Keep the wording of each record exactly the same when you repeat it, and leave out pictures.
-.-.-
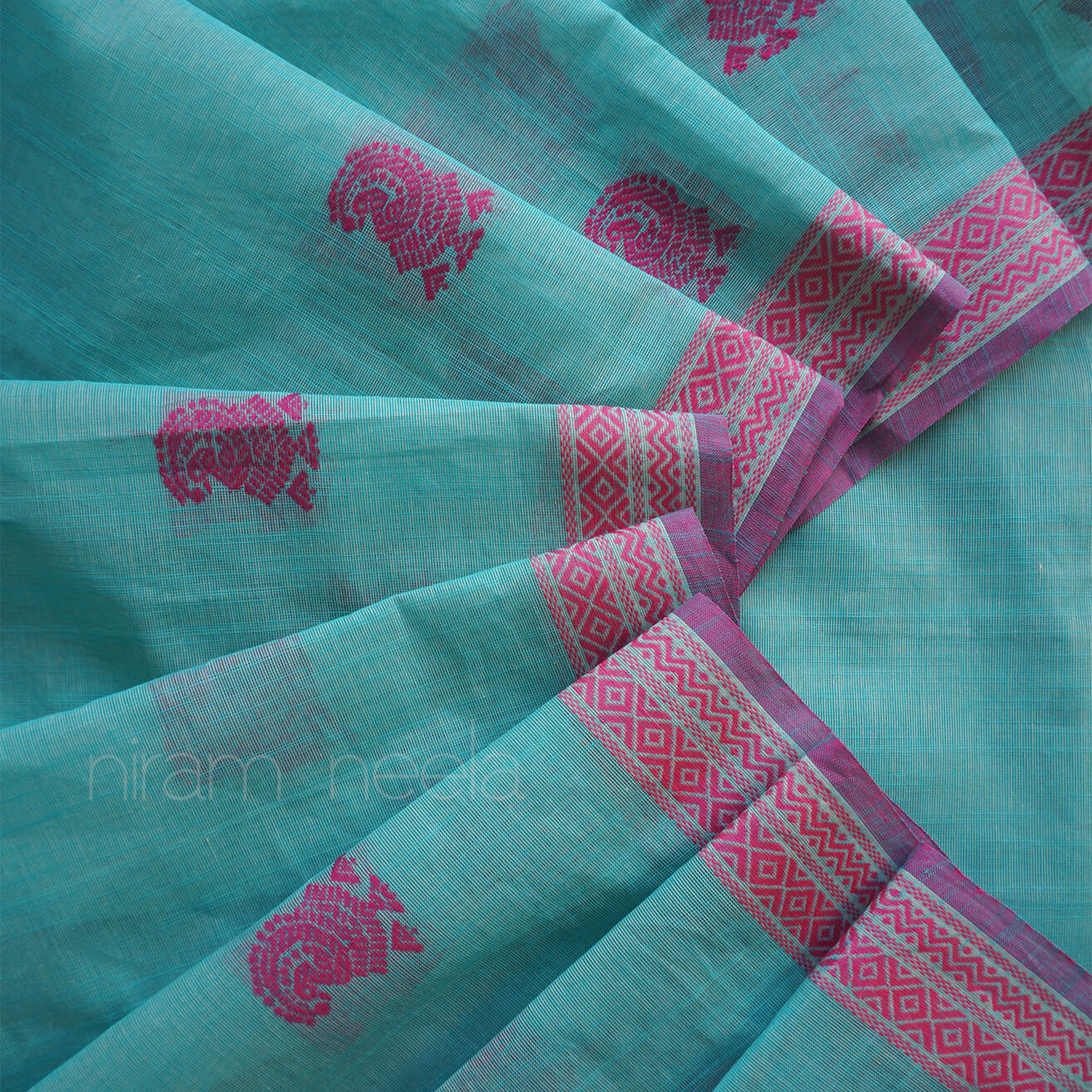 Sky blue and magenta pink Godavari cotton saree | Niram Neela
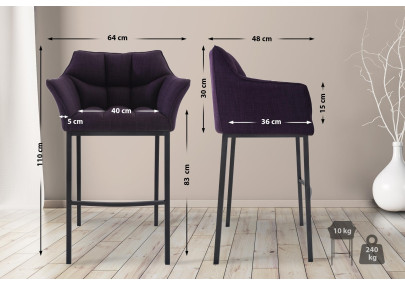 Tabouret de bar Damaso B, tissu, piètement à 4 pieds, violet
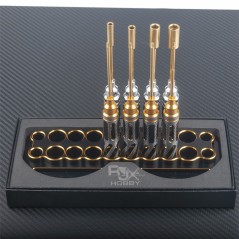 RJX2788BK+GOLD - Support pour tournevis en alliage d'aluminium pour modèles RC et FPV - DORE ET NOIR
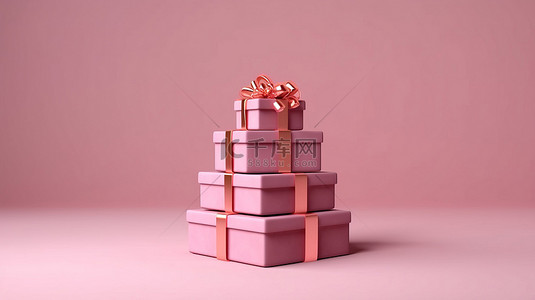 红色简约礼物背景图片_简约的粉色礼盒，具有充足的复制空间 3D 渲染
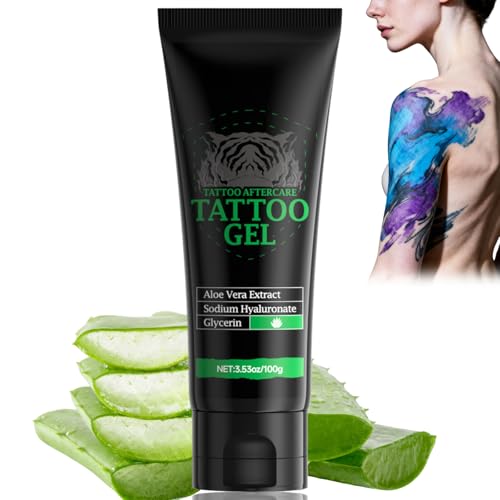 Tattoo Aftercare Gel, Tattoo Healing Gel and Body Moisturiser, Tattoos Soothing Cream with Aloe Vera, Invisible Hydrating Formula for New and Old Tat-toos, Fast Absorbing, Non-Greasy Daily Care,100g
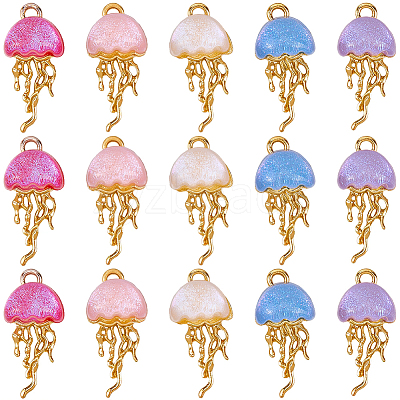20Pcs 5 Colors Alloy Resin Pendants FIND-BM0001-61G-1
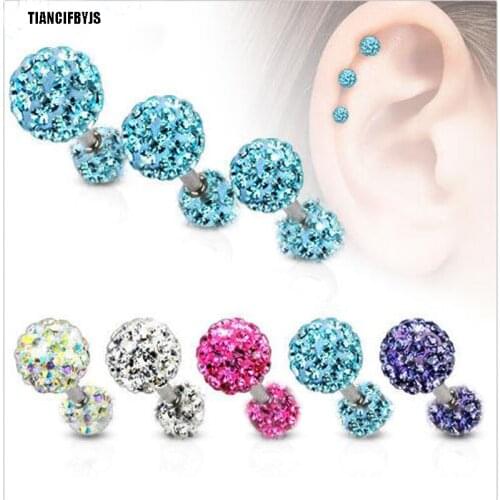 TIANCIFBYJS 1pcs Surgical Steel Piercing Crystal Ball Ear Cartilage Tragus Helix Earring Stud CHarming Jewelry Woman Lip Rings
-.-.-
▶ _REPLY TO THE EXERCISE_:
 Sky blue and magenta pink Godavari cotton saree | Niram Neela
 Tabouret de bar Damaso B, tissu, piètement à 4 pieds, violet
 RJX2788BK+GOLD - Support pour tournevis en alliage d'aluminium pour modèles RC et FPV - DORE ET NOIR
 红色简约礼物背景图片_简约的粉色礼盒，具有充足的复制空间 3D 渲染
 Tattoo Aftercare Gel, Tattoo Healing Gel and Body Moisturiser, Tattoos Soothing Cream with Aloe Vera, Invisible Hydrating Formula for New and Old Tat-toos, Fast Absorbing, Non-Greasy Daily Care,100g
20Pcs 5 Colors Alloy Resin Pendants FIND-BM0001-61G-1
 TIANCIFBYJS 1pcs Surgical Steel Piercing Crystal Ball Ear Cartilage Tragus Helix Earring Stud CHarming Jewelry Woman Lip Rings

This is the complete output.